PRISTINA: Kosovo's prime minister hailed comments by U.S. President George W. Bush Sunday that the disputed Serbian province of Kosovo should gain independence.
A few hours after Bush spoke in neighboring Albania, Agim Ceku appealed to Kosovo's increasingly impatient ethnic Albanians to ensure the province remains peaceful while intensifying efforts for independence.
"President Bush said that Kosovo's people need to be calm," Ceku told reporters. "The only realistic, pragmatic and possible solution is independence for Kosovo and the time for such solution is now."
Bush said the discussions over Kosovo's independence cannot go on indefinitely.
"At some point in time — sooner rather than later — you've got to say 'Enough is enough.

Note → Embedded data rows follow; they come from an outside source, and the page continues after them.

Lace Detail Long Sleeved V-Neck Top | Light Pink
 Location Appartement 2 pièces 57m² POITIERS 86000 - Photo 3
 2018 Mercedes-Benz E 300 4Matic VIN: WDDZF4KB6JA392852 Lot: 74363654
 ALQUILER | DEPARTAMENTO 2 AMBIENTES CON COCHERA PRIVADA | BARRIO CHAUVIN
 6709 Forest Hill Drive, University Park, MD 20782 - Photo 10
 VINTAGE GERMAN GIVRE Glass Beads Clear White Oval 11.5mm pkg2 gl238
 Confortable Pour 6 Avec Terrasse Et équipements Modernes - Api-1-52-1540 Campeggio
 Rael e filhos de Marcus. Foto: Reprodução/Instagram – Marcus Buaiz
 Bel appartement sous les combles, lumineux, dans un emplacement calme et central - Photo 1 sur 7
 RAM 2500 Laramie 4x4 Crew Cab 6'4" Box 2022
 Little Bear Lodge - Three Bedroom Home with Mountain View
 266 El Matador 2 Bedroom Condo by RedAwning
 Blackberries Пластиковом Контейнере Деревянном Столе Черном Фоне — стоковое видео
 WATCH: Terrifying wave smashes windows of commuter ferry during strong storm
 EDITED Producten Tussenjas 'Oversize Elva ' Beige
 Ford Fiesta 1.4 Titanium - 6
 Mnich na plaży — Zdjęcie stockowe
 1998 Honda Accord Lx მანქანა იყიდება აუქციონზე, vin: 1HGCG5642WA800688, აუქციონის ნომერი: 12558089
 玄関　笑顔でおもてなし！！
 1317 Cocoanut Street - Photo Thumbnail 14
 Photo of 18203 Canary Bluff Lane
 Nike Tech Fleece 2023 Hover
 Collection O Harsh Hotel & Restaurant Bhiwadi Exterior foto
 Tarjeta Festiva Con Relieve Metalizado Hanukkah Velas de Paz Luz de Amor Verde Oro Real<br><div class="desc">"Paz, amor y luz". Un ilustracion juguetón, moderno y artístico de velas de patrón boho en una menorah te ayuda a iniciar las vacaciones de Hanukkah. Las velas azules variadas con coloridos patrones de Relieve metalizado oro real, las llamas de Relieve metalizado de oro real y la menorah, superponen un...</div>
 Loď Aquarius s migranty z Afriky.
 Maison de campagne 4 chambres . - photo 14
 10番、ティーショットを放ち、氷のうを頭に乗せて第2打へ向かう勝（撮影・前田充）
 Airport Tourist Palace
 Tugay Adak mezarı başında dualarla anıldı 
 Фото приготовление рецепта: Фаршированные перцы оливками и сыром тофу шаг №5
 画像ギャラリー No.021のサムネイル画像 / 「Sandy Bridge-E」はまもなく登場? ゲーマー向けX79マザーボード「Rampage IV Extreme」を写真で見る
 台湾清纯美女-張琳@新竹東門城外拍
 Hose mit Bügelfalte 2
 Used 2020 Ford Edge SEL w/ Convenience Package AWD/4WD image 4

Kosovo is independent' and that's the position we've taken," Bush said during a news conference in Tirana.
Kosovo, a province of 2 million of which 90 percent are ethnic Albanians, has been run by the U.N. since mid-1999 when a NATO air war halted a crackdown by Serb forces on independence-seeking ethnic Albanian rebels.
"President Bush confirmed and gave full support to Kosovo's independence, and in one way he declared Kosovo independent," said Ceku.
The future of Kosovo has become another thorny issue in relations between U.S. and Russia.
Russia, an ally of Serbia, contends independence would set a dangerous precedent for the world's other breakaway regions. Serbia also opposes statehood for Kosovo, which it sees as the heart of its historic homeland.